Anywhere the string "Striped" shows up in the listing below, copy the line it is in.
Records supplied below:
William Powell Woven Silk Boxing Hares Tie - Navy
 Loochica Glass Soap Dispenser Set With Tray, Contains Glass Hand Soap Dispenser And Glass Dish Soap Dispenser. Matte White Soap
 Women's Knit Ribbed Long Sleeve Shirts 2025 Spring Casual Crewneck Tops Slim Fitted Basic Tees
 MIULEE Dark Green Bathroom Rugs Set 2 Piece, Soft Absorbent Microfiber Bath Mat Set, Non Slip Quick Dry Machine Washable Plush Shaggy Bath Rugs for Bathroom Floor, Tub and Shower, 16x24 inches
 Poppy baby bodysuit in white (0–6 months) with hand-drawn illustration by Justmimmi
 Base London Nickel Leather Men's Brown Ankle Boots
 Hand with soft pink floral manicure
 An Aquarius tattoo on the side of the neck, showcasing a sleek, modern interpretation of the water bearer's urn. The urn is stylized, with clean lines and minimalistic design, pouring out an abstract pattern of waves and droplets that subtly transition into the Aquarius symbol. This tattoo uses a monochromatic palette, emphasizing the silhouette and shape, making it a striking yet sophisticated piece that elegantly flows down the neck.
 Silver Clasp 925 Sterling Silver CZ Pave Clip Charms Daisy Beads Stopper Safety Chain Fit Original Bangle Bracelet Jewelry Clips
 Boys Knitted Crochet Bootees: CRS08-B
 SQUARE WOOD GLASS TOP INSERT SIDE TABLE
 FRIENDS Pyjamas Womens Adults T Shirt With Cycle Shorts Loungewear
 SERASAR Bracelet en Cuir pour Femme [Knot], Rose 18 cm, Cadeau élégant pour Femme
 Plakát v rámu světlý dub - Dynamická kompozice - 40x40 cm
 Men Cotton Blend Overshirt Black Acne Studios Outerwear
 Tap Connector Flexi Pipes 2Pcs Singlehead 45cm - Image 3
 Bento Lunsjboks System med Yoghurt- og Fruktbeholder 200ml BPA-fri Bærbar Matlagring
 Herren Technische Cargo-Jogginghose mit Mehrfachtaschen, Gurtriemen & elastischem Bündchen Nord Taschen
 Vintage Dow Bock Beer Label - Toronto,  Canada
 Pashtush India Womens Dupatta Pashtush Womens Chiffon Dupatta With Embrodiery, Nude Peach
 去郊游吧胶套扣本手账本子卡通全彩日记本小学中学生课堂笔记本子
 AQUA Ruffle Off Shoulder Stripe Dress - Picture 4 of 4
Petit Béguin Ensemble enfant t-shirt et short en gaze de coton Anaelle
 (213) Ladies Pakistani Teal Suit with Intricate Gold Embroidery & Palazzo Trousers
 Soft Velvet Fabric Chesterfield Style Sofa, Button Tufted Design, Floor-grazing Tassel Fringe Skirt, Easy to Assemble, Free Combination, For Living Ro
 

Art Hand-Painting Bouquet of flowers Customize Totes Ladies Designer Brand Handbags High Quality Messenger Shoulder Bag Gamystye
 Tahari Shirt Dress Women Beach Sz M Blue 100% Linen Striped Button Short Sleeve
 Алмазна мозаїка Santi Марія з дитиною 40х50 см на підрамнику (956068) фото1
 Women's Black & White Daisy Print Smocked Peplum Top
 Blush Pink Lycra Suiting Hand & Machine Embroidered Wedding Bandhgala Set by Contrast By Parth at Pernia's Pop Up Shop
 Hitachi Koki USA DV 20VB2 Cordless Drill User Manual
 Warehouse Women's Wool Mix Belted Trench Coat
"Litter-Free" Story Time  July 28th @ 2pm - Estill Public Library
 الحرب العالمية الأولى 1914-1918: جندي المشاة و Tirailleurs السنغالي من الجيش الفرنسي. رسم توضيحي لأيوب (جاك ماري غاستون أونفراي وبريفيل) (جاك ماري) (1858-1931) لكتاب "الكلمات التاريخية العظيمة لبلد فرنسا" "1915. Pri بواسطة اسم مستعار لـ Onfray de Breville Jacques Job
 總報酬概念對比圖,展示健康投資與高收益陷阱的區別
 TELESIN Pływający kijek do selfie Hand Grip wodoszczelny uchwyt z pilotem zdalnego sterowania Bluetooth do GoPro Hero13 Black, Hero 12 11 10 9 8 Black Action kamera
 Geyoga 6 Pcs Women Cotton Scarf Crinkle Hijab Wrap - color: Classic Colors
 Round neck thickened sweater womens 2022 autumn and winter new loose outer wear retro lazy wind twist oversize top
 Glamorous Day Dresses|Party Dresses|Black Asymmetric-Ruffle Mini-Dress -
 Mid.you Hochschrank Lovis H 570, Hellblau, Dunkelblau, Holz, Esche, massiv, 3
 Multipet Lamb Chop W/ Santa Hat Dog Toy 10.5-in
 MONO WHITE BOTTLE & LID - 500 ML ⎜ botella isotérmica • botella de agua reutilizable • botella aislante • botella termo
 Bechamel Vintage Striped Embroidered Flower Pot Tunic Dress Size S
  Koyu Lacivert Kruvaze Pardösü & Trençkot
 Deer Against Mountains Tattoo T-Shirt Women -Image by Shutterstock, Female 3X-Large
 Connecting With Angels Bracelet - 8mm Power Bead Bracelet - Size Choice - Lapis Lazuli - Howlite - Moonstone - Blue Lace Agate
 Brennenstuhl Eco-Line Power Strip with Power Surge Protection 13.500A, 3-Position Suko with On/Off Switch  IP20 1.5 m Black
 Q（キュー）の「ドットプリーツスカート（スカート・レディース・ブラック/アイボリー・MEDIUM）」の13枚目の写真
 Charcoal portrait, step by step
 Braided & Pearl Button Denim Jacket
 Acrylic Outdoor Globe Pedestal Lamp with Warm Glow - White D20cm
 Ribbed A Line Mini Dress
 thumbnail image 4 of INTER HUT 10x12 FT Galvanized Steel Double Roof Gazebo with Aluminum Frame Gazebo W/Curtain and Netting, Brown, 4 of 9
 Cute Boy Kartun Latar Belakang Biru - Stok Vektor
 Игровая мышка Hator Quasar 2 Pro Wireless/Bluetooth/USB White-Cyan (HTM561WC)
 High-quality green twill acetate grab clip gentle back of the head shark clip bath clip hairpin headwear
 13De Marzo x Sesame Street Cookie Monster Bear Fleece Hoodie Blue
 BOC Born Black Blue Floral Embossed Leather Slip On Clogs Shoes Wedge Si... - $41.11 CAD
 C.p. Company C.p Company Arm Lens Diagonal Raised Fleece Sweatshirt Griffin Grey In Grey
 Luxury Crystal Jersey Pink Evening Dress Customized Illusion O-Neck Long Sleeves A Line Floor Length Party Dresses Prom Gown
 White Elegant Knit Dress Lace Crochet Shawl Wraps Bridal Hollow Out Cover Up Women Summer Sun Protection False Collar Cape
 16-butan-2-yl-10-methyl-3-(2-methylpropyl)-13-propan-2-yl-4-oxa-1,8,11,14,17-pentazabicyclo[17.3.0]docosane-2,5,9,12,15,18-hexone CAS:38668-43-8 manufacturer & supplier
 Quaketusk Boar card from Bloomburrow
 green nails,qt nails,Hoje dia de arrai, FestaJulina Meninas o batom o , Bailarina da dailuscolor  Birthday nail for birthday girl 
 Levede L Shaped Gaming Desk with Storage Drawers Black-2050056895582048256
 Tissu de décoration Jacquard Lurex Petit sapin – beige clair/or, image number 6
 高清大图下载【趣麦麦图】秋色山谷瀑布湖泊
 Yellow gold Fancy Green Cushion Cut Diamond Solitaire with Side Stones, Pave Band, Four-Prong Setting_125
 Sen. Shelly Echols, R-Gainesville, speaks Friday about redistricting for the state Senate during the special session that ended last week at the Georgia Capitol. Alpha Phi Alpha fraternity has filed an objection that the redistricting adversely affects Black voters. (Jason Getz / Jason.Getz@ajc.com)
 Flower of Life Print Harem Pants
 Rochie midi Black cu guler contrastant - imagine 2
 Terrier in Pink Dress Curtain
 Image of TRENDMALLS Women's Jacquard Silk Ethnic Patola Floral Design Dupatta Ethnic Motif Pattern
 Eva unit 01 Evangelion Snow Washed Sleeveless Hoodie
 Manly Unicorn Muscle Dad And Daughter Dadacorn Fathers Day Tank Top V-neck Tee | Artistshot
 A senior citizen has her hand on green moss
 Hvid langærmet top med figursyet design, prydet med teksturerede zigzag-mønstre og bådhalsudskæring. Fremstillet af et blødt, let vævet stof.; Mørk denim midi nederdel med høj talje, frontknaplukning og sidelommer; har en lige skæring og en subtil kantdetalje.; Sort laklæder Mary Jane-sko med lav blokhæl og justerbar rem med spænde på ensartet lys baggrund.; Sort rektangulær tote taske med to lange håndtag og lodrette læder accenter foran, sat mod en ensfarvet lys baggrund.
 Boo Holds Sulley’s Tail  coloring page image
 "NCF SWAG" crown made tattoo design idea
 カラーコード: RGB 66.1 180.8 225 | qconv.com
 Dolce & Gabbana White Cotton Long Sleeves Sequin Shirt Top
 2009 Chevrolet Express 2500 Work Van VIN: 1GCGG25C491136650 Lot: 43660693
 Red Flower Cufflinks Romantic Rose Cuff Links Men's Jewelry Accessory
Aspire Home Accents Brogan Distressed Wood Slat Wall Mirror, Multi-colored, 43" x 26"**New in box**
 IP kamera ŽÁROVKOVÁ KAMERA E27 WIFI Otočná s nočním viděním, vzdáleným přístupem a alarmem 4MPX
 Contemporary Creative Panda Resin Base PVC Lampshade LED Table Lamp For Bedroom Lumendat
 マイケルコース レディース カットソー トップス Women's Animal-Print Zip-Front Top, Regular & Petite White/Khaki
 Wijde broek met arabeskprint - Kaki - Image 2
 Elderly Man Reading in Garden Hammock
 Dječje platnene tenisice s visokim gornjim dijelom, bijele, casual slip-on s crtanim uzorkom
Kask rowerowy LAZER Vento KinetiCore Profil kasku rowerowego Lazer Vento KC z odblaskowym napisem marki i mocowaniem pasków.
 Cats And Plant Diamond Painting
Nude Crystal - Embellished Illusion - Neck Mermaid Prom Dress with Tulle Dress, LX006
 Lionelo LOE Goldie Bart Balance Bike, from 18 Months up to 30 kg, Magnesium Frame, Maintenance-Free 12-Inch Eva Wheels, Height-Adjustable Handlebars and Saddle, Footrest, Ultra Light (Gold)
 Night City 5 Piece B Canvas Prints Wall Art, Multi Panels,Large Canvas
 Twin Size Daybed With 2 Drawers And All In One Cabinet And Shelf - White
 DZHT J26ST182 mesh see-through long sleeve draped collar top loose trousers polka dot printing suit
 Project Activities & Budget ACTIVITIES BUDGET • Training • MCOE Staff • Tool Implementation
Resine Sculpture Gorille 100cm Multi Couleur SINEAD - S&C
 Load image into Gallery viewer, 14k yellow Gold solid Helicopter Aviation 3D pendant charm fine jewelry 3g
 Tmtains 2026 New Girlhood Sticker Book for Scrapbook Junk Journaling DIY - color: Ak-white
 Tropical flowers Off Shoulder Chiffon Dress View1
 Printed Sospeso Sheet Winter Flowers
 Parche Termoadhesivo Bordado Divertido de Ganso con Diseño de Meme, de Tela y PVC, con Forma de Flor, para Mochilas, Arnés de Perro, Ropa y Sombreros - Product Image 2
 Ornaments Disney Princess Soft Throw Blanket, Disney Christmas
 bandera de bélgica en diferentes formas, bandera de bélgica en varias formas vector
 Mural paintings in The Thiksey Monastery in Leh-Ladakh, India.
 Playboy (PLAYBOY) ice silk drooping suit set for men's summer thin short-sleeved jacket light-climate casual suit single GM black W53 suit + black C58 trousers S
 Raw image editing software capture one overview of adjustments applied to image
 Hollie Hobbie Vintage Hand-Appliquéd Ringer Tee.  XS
End of Records supplied.
**Exercise solution**:
 Tahari Shirt Dress Women Beach Sz M Blue 100% Linen Striped Button Short Sleeve
 Bechamel Vintage Striped Embroidered Flower Pot Tunic Dress Size S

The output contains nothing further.